[Opening INFORMATION GIVEN section]

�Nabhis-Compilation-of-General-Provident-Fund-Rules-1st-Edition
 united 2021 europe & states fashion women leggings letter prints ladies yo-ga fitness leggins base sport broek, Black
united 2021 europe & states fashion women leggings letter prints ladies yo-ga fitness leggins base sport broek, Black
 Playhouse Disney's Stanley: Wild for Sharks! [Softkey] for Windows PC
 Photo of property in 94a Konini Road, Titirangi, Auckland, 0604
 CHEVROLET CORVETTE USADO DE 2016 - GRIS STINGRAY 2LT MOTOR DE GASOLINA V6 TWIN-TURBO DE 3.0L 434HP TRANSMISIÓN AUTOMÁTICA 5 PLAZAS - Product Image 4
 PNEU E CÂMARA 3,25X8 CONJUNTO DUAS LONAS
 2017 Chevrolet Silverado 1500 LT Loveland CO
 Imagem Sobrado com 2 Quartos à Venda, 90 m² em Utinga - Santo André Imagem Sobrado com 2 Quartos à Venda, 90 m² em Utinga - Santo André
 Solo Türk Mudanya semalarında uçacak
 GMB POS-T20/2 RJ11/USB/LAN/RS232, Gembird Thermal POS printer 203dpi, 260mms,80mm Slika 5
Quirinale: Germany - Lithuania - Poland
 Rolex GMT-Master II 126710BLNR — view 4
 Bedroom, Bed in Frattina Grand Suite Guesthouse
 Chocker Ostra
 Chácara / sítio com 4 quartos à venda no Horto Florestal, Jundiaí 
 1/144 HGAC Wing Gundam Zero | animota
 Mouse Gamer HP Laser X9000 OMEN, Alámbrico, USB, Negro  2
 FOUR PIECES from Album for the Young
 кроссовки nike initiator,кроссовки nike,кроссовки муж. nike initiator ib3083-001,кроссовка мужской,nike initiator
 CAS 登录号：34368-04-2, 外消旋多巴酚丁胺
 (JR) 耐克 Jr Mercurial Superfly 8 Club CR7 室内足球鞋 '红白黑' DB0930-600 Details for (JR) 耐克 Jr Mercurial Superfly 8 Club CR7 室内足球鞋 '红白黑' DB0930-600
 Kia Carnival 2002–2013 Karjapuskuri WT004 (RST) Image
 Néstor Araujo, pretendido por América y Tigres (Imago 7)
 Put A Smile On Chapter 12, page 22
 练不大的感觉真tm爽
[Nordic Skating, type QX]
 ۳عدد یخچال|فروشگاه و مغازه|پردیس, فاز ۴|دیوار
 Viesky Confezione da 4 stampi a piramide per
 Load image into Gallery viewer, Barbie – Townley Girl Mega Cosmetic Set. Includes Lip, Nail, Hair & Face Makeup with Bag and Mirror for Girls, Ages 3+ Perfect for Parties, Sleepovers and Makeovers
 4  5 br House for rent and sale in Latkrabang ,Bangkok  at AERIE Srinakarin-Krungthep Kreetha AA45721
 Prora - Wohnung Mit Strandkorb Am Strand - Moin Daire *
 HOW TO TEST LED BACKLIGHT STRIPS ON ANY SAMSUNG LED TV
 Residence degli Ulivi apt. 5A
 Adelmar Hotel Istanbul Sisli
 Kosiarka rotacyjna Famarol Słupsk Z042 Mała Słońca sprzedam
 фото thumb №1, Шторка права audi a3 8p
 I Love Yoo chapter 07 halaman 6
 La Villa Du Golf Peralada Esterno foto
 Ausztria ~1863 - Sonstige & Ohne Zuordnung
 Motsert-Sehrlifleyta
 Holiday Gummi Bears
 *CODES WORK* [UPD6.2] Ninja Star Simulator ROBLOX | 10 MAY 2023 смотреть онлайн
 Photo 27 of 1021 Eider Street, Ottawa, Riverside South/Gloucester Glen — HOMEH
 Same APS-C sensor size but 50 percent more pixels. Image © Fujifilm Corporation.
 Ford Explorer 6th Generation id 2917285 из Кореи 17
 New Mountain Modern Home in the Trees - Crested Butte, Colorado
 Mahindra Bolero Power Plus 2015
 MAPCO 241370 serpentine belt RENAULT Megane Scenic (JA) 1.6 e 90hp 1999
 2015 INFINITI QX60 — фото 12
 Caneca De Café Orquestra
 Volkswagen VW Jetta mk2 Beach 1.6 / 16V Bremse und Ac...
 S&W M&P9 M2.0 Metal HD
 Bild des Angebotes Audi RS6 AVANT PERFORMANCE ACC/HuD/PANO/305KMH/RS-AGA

[Closing INFORMATION GIVEN section]

◆ WHAT THIS TASK INVOLVES
Give an exact repetition of all the material.

◆ EXPECTED OUTPUT
�Nabhis-Compilation-of-General-Provident-Fund-Rules-1st-Edition
 united 2021 europe & states fashion women leggings letter prints ladies yo-ga fitness leggins base sport broek, Black
united 2021 europe & states fashion women leggings letter prints ladies yo-ga fitness leggins base sport broek, Black
 Playhouse Disney's Stanley: Wild for Sharks! [Softkey] for Windows PC
 Photo of property in 94a Konini Road, Titirangi, Auckland, 0604
 CHEVROLET CORVETTE USADO DE 2016 - GRIS STINGRAY 2LT MOTOR DE GASOLINA V6 TWIN-TURBO DE 3.0L 434HP TRANSMISIÓN AUTOMÁTICA 5 PLAZAS - Product Image 4
 PNEU E CÂMARA 3,25X8 CONJUNTO DUAS LONAS
 2017 Chevrolet Silverado 1500 LT Loveland CO
 Imagem Sobrado com 2 Quartos à Venda, 90 m² em Utinga - Santo André Imagem Sobrado com 2 Quartos à Venda, 90 m² em Utinga - Santo André
 Solo Türk Mudanya semalarında uçacak
 GMB POS-T20/2 RJ11/USB/LAN/RS232, Gembird Thermal POS printer 203dpi, 260mms,80mm Slika 5
Quirinale: Germany - Lithuania - Poland
 Rolex GMT-Master II 126710BLNR — view 4
 Bedroom, Bed in Frattina Grand Suite Guesthouse
 Chocker Ostra
 Chácara / sítio com 4 quartos à venda no Horto Florestal, Jundiaí 
 1/144 HGAC Wing Gundam Zero | animota
 Mouse Gamer HP Laser X9000 OMEN, Alámbrico, USB, Negro  2
 FOUR PIECES from Album for the Young
 кроссовки nike initiator,кроссовки nike,кроссовки муж. nike initiator ib3083-001,кроссовка мужской,nike initiator
 CAS 登录号：34368-04-2, 外消旋多巴酚丁胺
 (JR) 耐克 Jr Mercurial Superfly 8 Club CR7 室内足球鞋 '红白黑' DB0930-600 Details for (JR) 耐克 Jr Mercurial Superfly 8 Club CR7 室内足球鞋 '红白黑' DB0930-600
 Kia Carnival 2002–2013 Karjapuskuri WT004 (RST) Image
 Néstor Araujo, pretendido por América y Tigres (Imago 7)
 Put A Smile On Chapter 12, page 22
 练不大的感觉真tm爽
[Nordic Skating, type QX]
 ۳عدد یخچال|فروشگاه و مغازه|پردیس, فاز ۴|دیوار
 Viesky Confezione da 4 stampi a piramide per
 Load image into Gallery viewer, Barbie – Townley Girl Mega Cosmetic Set. Includes Lip, Nail, Hair & Face Makeup with Bag and Mirror for Girls, Ages 3+ Perfect for Parties, Sleepovers and Makeovers
 4  5 br House for rent and sale in Latkrabang ,Bangkok  at AERIE Srinakarin-Krungthep Kreetha AA45721
 Prora - Wohnung Mit Strandkorb Am Strand - Moin Daire *
 HOW TO TEST LED BACKLIGHT STRIPS ON ANY SAMSUNG LED TV
 Residence degli Ulivi apt. 5A
 Adelmar Hotel Istanbul Sisli
 Kosiarka rotacyjna Famarol Słupsk Z042 Mała Słońca sprzedam
 фото thumb №1, Шторка права audi a3 8p
 I Love Yoo chapter 07 halaman 6
 La Villa Du Golf Peralada Esterno foto
 Ausztria ~1863 - Sonstige & Ohne Zuordnung
 Motsert-Sehrlifleyta
 Holiday Gummi Bears
 *CODES WORK* [UPD6.2] Ninja Star Simulator ROBLOX | 10 MAY 2023 смотреть онлайн
 Photo 27 of 1021 Eider Street, Ottawa, Riverside South/Gloucester Glen — HOMEH
 Same APS-C sensor size but 50 percent more pixels. Image © Fujifilm Corporation.
 Ford Explorer 6th Generation id 2917285 из Кореи 17
 New Mountain Modern Home in the Trees - Crested Butte, Colorado
 Mahindra Bolero Power Plus 2015
 MAPCO 241370 serpentine belt RENAULT Megane Scenic (JA) 1.6 e 90hp 1999
 2015 INFINITI QX60 — фото 12
 Caneca De Café Orquestra
 Volkswagen VW Jetta mk2 Beach 1.6 / 16V Bremse und Ac...
 S&W M&P9 M2.0 Metal HD
 Bild des Angebotes Audi RS6 AVANT PERFORMANCE ACC/HuD/PANO/305KMH/RS-AGA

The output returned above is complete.